Cold Danes need to warm up to expats, panel says

Debate participants tell icy Danes to change their ways if they want to avoid foreign skilled workers from slipping away

Danes have to take a hard look in the mirror and attempt to answer the question of why Denmark remains an unpopular destination for foreign workers, journalist Martin Krasnik said at a debate Wednesday night examining Denmark's reception and treatment of expats.

“We Danes need a real kick in the ass,” Krasnik told The Copenhagen Post. “It’s not enough to simply point the accusing finger at foreigners and say it’s them that need to change, not us.”

The event, which was held at the Dansk Design Center, featured a four-person panel who all agreed that something within Danish society had to change if  the country is to have any chance of attracting skilled foreign workers in the future.

“Skilled workers found outside of these borders don’t steal Danish jobs. They create them,” panellist Tine Horwitz, the head of the Consortium for Global Talent, told an audience of 120. “If we don’t do anything to try keep them here, we risk getting left behind.”

Horwitz is not alone in this opinion. The country’s economy minister, Margrethe Vestager (Radikale), recently voiced her concern about Denmark’s failure to hold on to skilled foreign workers. At a similar event in September, Vestager told an assembled crowd of business leaders that Danes "need to be less pretentious" in their attitudes to foreigners.

Anne Knudsen, another panellist and the editor-in-chief at Weekendavisen, insisted that it’s not the Danish stereotype of being cold that’s turning foreigners away, but rather the country’s cultural obsession with structure.

“The Danish workplace is a quiet one. People get on with their job and try not to disturb anyone,” Knudsen argued. “Then when the clock strikes five, we Danes get up and go home. Foreigners may see this as impersonal, but we see it as natural.”

Weekendavisen's editor-in-chief Anne Knudsen said Danes are not necessarily cold, they just have a different culture than what expats may be used to (Photo: Bjarke Smith-Meyer)This lack of a collegial atmosphere at work is one that is unfamiliar to many foreigners. Panellist Nivedita Ramulu Eskesen, who moved to Denmark twelve years ago from London, pointed out that colleagues in London are encouraged to socialise with each other and develop a sense of camaraderie. Knudsen, on the other hand, argued that that would generally be perceived as insincere amongst Danes.

“Why else would you make the effort to go out drinking with your boss, if not for getting a leg up in your career?” Knudsen said. “Danes just get on with the job, and go home.”

Knudsen went on to contend that expats are not aware of this Danish attitude. They therefore assume that their Danish colleagues are deliberately ignoring them in favour of socialising with their own Danish friends.

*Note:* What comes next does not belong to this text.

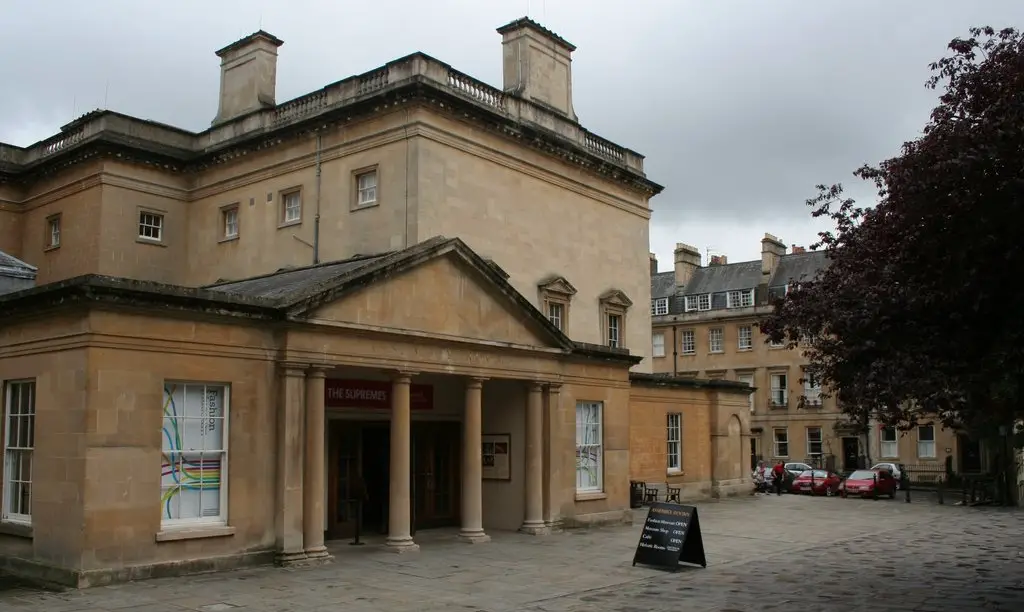 Fashion_Museum_and_Assembly_Rooms_Bath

This in turn makes foreigners feel ostracised and look to other expats for company, which results in the formation of small social groups in which Danes are separated from non-Danes. Panellist Torben Møller-Hansen, the head of Foreningen Nydansker, an association promoting integration, said that the recent Christmas tree controversy is a perfect example of communication breakdown between Danes and foreigners.

“How do we expect foreigners to adapt to our culture, if it’s our culture not to communicate with others?,” Møller-Hansen asked the audience. “Should we really then be surprised if our cultural views clash with theirs? Of course not. We need to educate ourselves before we can educate others.”

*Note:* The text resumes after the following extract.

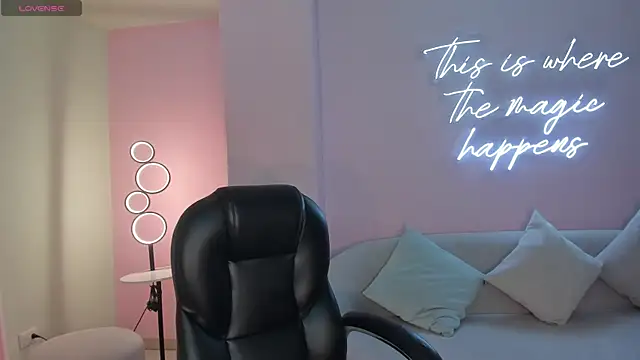 CelestePalmer  online show from October 7, 10:23 am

The debate encouraged the audience to consider why expatriates avoid sending their children to Danish schools, or why so many leave the country after only a few years. Knudsen argued that it has less to do with a foreigner’s reluctance to integrate and more to do with Danes' resistance to accommodate. She insisted, however, that it’s not that Danes are difficult to approach, but that their extreme sense of modesty makes them unwilling to help foreigners integrate.

“We seem to think that information shouldn’t be shared unless specifically asked for,” Knudsen said. “That’s not because we’re unfriendly, it’s because we fear being thought of as a snob. In our minds it’s only a snob that offers information to unsuspecting individuals who haven’t asked for it in the first place.”

Debate host Martin Krasnik posed the questions to the expert panel (Photo: Bjarke Smith-Meyer)

The general conclusion of the event seemed to be that Danes should be encouraged to break out of their socially-constructed shells in order for the country to retain its expats, but also that those expats in turn should be taught that they should ask questions rather than wait to be told what to do.

The Copenhagen Post questioned Krasnik as to why the event itself had been held in Danish, and not in English so that foreigners could actually be included in the discussion.

“It’s about picking your battles,” Krasnik said. “We’re considering holding another event like this one in English. But today was about showing Danish companies what has to be done to attract, and keep, skilled expat workers. Once we’ve finished with that battle, we can move on to the next.”